Camera obscura (plural camerae obscurae or camera obscuras, from Latin camera obscūra, “dark chamber”), also referred to as pinhole image, is the natural optical phenomenon that occurs when an image of a scene at the other side of a screen (or, for instance, a wall) is projected through a small hole in that screen as a reversed and inverted image (left to right and upside down) on a surface opposite to the opening. The surroundings of the projected image have to be relatively dark for the image to be clear, so many historical camera obscura experiments were performed in dark rooms.

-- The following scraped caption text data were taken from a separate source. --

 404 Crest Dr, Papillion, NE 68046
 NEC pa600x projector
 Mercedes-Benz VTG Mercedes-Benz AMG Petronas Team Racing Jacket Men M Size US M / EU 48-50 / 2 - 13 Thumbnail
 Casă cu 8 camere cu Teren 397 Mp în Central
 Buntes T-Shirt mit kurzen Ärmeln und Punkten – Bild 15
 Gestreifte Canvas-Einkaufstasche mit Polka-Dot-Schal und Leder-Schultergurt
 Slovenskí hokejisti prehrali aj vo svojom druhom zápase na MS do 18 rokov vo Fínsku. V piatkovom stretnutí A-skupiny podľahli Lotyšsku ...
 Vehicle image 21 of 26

The term "camera obscura" also refers to constructions or devices that make use of the principle within a box, tent, or room. Camera obscuras with a lens in the opening have been used since the second half of the 16th century and became popular as an aid for drawing and painting. The camera obscura box was developed further into the photographic camera in the first half of the 19th century when camera obscura boxes were used to expose light-sensitive materials to the projected image.
The camera obscura was used as a means to study eclipses without the risk of damaging the eyes by looking into the sun directly. As a drawing aid, the camera obscura allowed tracing the projected image to produce a highly accurate representation, especially appreciated as an easy way to achieve a proper graphical perspective.
Before the term "camera obscura" was first used in 1604, many others are attested: "cubiculum obscurum", "cubiculum tenebricosum", "conclave obscurum" and "locus obscurus".A camera obscura device without a lens but with a very small hole is sometimes referred to as a "pinhole camera", although this more often refers to simple (home-made) lens-less cameras in which photographic film or photographic paper is used.